I love having a plan. It’s exciting to finish the first draft of the series I’m writing and know that I have the next steps carefully scheduled.
“I love it when a plan comes together,” says Hannibal Smith on The A-Team.
What about when the plan wilts like a tulip in the hot sun? I don’t imagine Smith would be smiling any more than I am. Of course, he wouldn’t be on the verge of tears either. Well, he’s not a writer.
The first book is awful. Let me clarify: I had to take naps during the afternoons when I did the read-through (step one of the rewriting process). Yep, it’s that horrendous. Basically snooze-worthy.
The characters are cardboard, tension is non-existent and even I (the creator of this universe) don’t understand the magic system and am unable to visualize the setting. Good grief!
My dilemma: where to begin to fix this masterpiece of disaster?Image from grumpycats.com
Part of me wants to toss the whole thing in the trash and restart. Sure, I can save it in a Word document and not pay attention to it when I begin again. That way I don’t just delete months of work – some of which might be redeemable.
Another part of me screams, “That’s 50,000 words wasted!” I try to tell myself that they were well-spent words, helping me find my characters and figure out what the story was really about. Even if they’re true, those words fall on deaf ears. I don’t want to listen to that which sounds like excuses for the emotionless bore that I penned.
In truth, there are about ten scenes that I feel are well-written. I cared about the characters and could visualize what was happening during those few moments. I should keep those few remnants and begin again.
My fingers freeze over the delete button. I’m not in love with these words. I read them. They bored me to death. The story is so dead the undertaker arrived with his hearse.
Why am I arguing with myself over this?
The ugly truth: I have a schedule. My master plan doesn’t involve another month for a complete rewrite. It allowed two weeks for revisions and then another two or three for polishing the prose. There are beta readers chomping at the bit.
They would never read something written by me again if they glimpsed the horror show of my first draft. Someone is shaking their head, assuming I’m being a typical perfectionist writer. (Yes, I’m talking to you, Joan!)
Uh – no. I wouldn’t recommend these pages for use as toilet paper. Out of 50,000 words, maybe 8,000 reveal character and build tension. I’m not even sure a match would choose to devour most of this drivel.
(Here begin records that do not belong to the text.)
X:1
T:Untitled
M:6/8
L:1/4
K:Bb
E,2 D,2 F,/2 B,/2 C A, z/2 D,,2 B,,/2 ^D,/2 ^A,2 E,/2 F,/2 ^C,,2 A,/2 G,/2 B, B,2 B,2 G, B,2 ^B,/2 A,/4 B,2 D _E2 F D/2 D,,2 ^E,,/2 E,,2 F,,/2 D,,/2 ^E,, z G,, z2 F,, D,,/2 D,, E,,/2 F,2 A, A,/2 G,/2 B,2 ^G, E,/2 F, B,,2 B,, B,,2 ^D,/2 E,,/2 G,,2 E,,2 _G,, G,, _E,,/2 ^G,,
I waffled before starting this book. I didn’t want to let the series that I was in the middle of before die. I loved it. It’s obvious that the words in this book were torn from the fingers of a reluctant storyteller.
How can I love the second book in the series, written in 23 days during November, and despise this book? Does it make sense to anyone?
First draft failure.
“Do I really have to start from scratch?” Maybe. Maybe not.
Either way, someone should call the WHAAA-Ambulance.